Loss Landscape Characterization of Neural Networks without Over-Parametrization
This work addresses a foundational issue in optimization for deep learning by providing a more practical theoretical framework, though it is incremental in advancing existing assumptions like the Polyak-Lojasiewicz inequality.
The paper tackles the problem of characterizing the loss landscape of deep neural networks without requiring impractical over-parametrization, proposing a novel function class that includes saddle points and proving convergence guarantees for gradient-based optimizers, validated through theoretical and empirical experiments.
Optimization methods play a crucial role in modern machine learning, powering the remarkable empirical achievements of deep learning models. These successes are even more remarkable given the complex non-convex nature of the loss landscape of these models. Yet, ensuring the convergence of optimization methods requires specific structural conditions on the objective function that are rarely satisfied in practice. One prominent example is the widely recognized Polyak-Lojasiewicz (PL) inequality, which has gained considerable attention in recent years.

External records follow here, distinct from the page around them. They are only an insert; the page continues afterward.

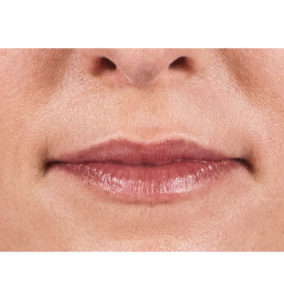 Juvederm® Before and After Pictures Brentwood, TN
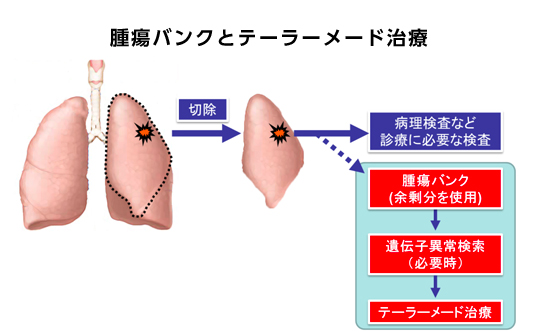 腫瘍バンクとテーラーメード治療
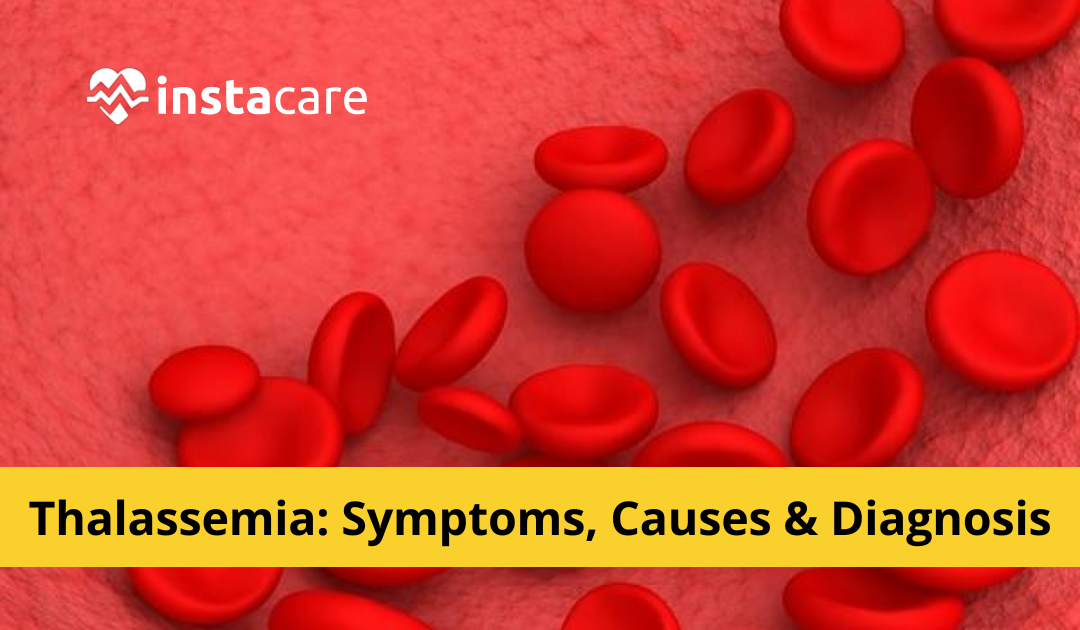 Picture of Thalassemia - Symptoms Causes Diagnosis And Treatment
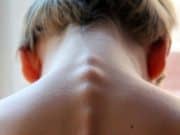 Abbott spinal cord stimulator lawsuit Abbott spinal cord stimulator lawsuit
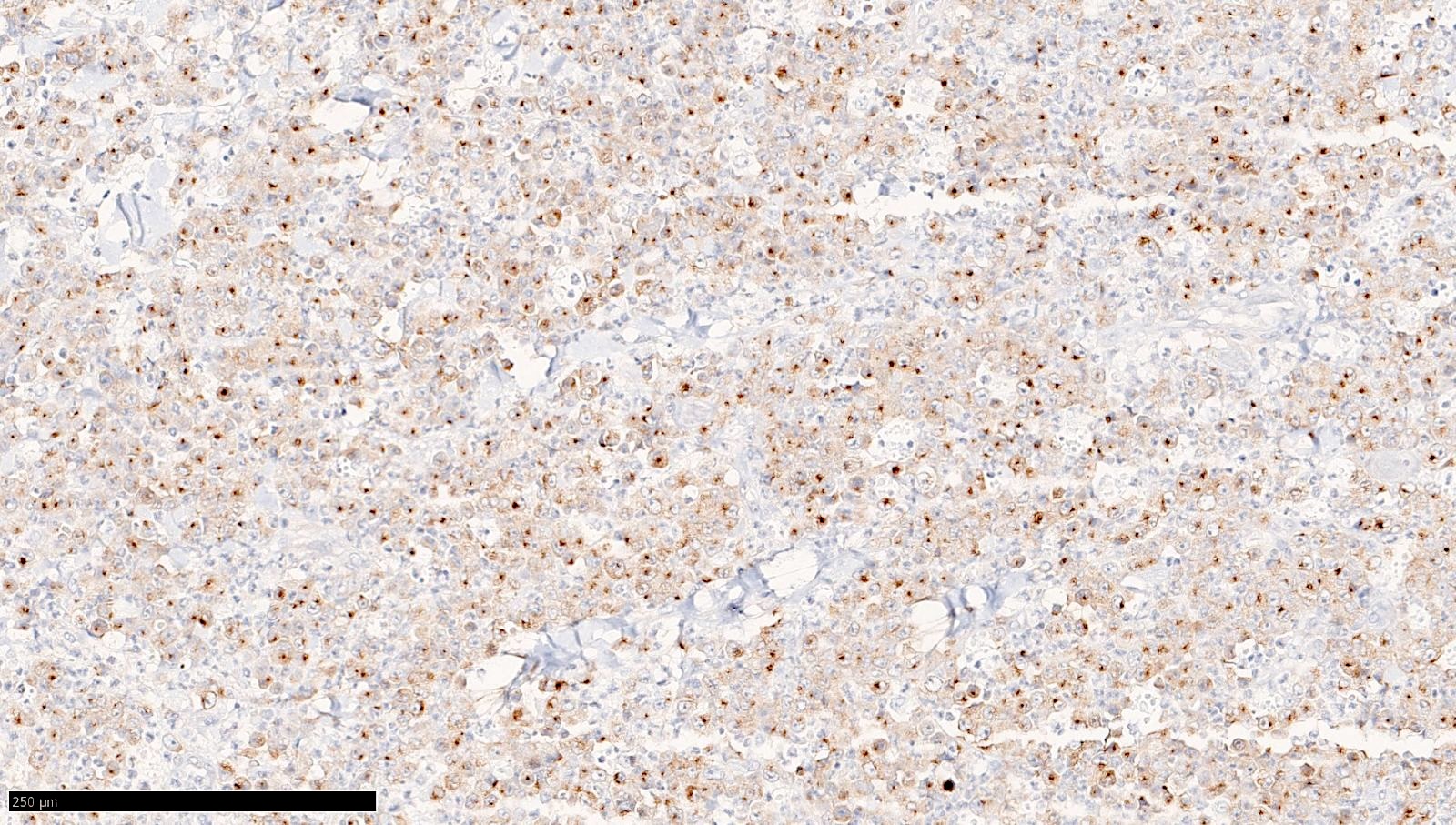 突触素（Synaptophysin）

However, validating such assumptions for deep neural networks entails substantial and often impractical levels of over-parametrization. In order to address this limitation, we propose a novel class of functions that can characterize the loss landscape of modern deep models without requiring extensive over-parametrization and can also include saddle points. Crucially, we prove that gradient-based optimizers possess theoretical guarantees of convergence under this assumption. Finally, we validate the soundness of our new function class through both theoretical analysis and empirical experimentation across a diverse range of deep learning models.